### RECORDS FOR THIS TASK

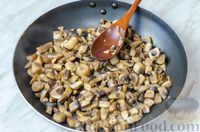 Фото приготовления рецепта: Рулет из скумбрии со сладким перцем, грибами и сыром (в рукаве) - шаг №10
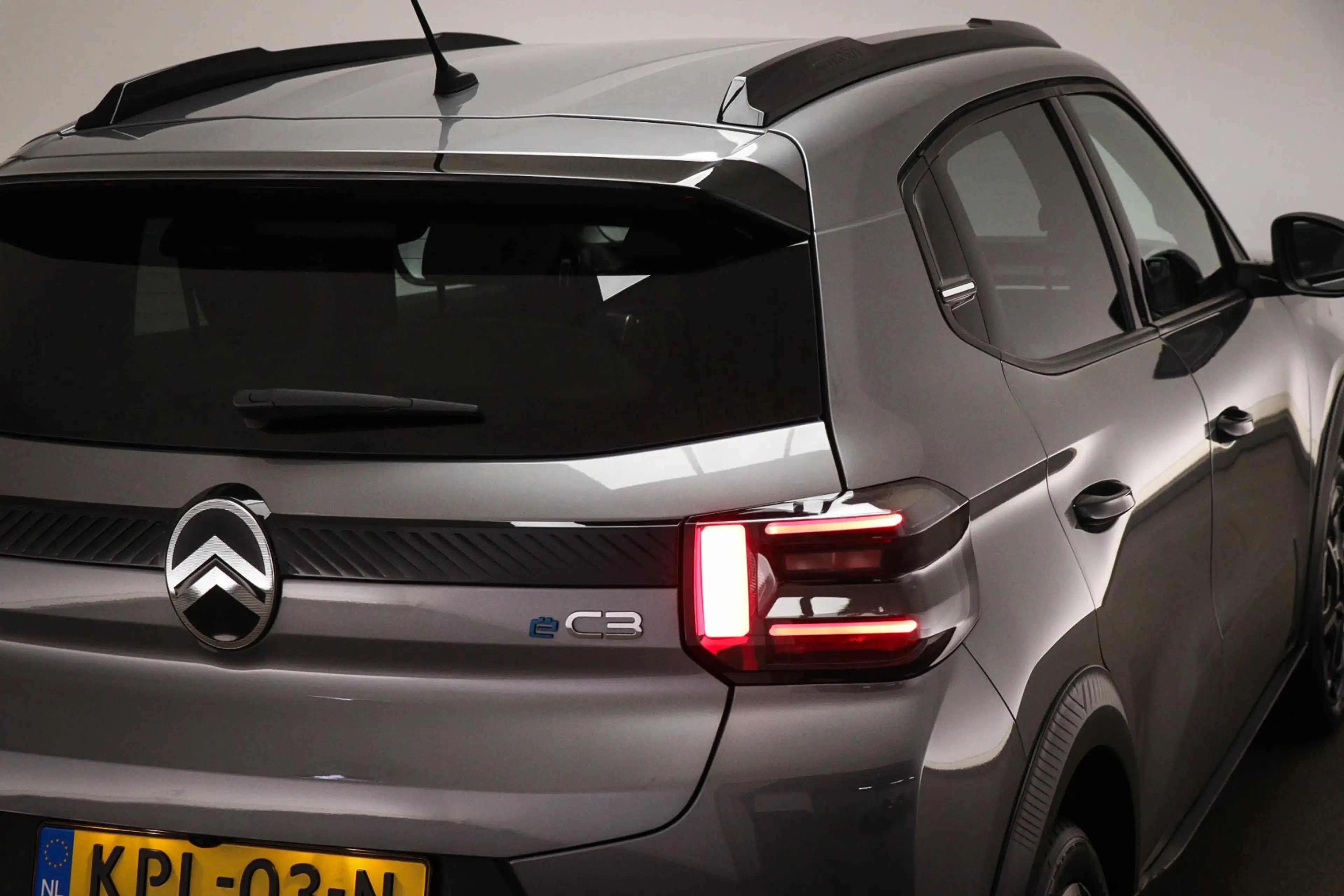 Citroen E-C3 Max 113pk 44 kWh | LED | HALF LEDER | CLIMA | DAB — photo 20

######
### RECORDS FOR THIS TASK

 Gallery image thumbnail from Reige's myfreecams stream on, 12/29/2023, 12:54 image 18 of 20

######
### RECORDS FOR THIS TASK

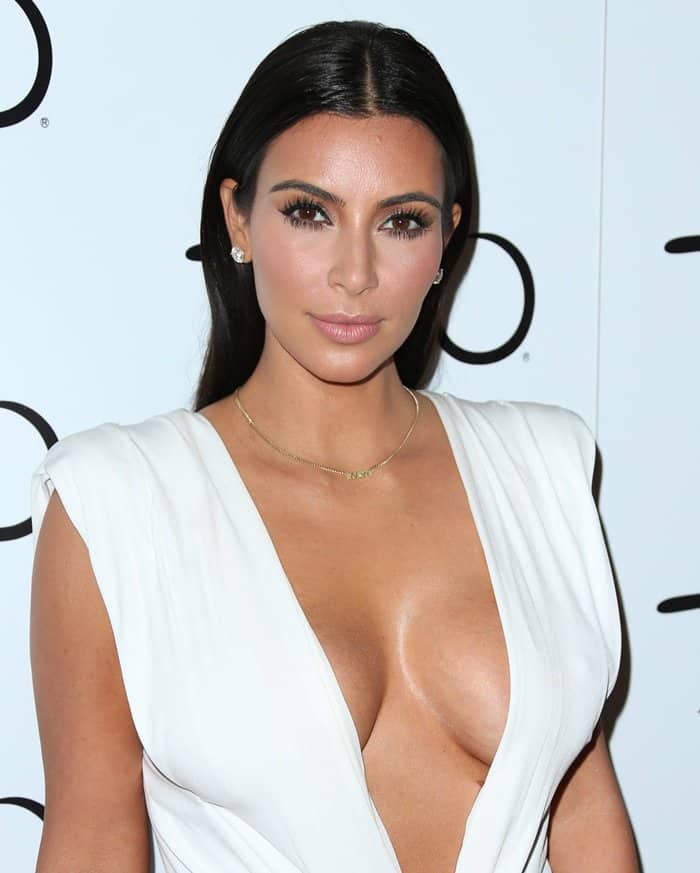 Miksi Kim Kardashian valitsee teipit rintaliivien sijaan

######

• **WORK ORDER**
Reproduce exactly the lines above starting at the line containing "Фото приготовления рецепта: Рулет" and ending at the line containing "Citroen E-C3 Max", including both, but not the pictures.

• **REPLY**
 Фото приготовления рецепта: Рулет из скумбрии со сладким перцем, грибами и сыром (в рукаве) - шаг №10
 Citroen E-C3 Max 113pk 44 kWh | LED | HALF LEDER | CLIMA | DAB — photo 20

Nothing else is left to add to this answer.